6割が日本初公開 幕末~明治の「奇想の絵師」河鍋暁斎の傑作を一堂に 神戸市立博物館で特別展

LINEで送る

この記事の写真を見る(14枚)

 幕末から明治にかけて活躍、「奇想の絵師」と称された河鍋暁斎(1831~1889年)。その芸術世界を紹介する特別展「ゴールドマン コレクション 河鍋暁斎の世界」が、神戸市立博物館(神戸市中央区)で開かれている。世界有数の暁斎コレクターとして知られる英国在住の美術商イスラエル・ゴールドマンさんの所蔵品から約110点を選りすぐったもので、うち日本初公開品は60点。多様な肉筆画から版画、下絵まで、暁斎芸術の真髄を味わえる豪華なラインアップとなっている。

神戸市立博物館

 河鍋暁斎は江戸から明治時代にかけての激動期を生きた絵師。幼い頃、浮世絵師・歌川国芳に学んだ後、狩野派で日本画の修業を積んだ。浮世絵と狩野派双方の技法を自在に操り、圧倒的な筆力と豊かな発想力を武器に、神仏画、美人画、歴史画、戯画、風刺画、動物画、妖怪画などあらゆる題材を描いた。人前で即興の絵を描く「席画」の名手としても知られ、明治期には英国人も弟子入りした。59歳で病死したものの、作品は国内外に大きな影響をもたらした。

展示風景

 このたび公開されたゴールドマンさんの収集品は、40年以上にわたり集められた世界屈指の暁斎コレクション。掛軸や屏風、巻物などの肉筆作品をはじめ、版画、版本、下絵、「暁斎絵日記」まで網羅し、暁斎の創作活動を総合的にたどることができる内容だ。浮世絵に造詣の深いゴールドマンさんならではの審美眼によって、保存状態が極めて良好な初摺り版画が数多く含まれていることも特徴という。
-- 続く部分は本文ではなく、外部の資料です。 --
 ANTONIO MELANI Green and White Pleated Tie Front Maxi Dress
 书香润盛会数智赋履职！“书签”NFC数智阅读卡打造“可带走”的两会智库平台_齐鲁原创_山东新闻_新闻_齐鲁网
河鍋暁斎《地獄太夫と一休》 明治4~22年(1871-89) 絹本着彩 イスラエル・ゴールドマン・コレクション Photo: Ken Adlard

 展覧会は6つのテーマで構成。冒頭の「ゴールドマン・コレクションのスターたち」では、ゴールドマンさんが暁斎作品を収集するきっかけとなった「象と子熊」、画家が得意とした即興的な作品「書画会図」、人物の表情が印象的な「地獄太夫と一休」など、代表的な肉筆画を展示。豪快さと繊細さを兼ね備えた筆致、独創的な構図、人物表現の巧みさなど、暁斎芸術の真骨頂を紹介する。続く「けもの」では、動物画を特集。暁斎のトレードマーク的な画題である鴉(からす)や蛙(かえる)のほか、猫や虎、鼠(ねずみ)、狸(たぬき)、狐(きつね)などを時には擬人化し、愛嬌たっぷりに描いた。中でも、日本初公開となる「猫又図」は、二本の尾を持つ妖怪・猫又を描いた人気作品で、本展オリジナルグッズのモチーフにも採用されている。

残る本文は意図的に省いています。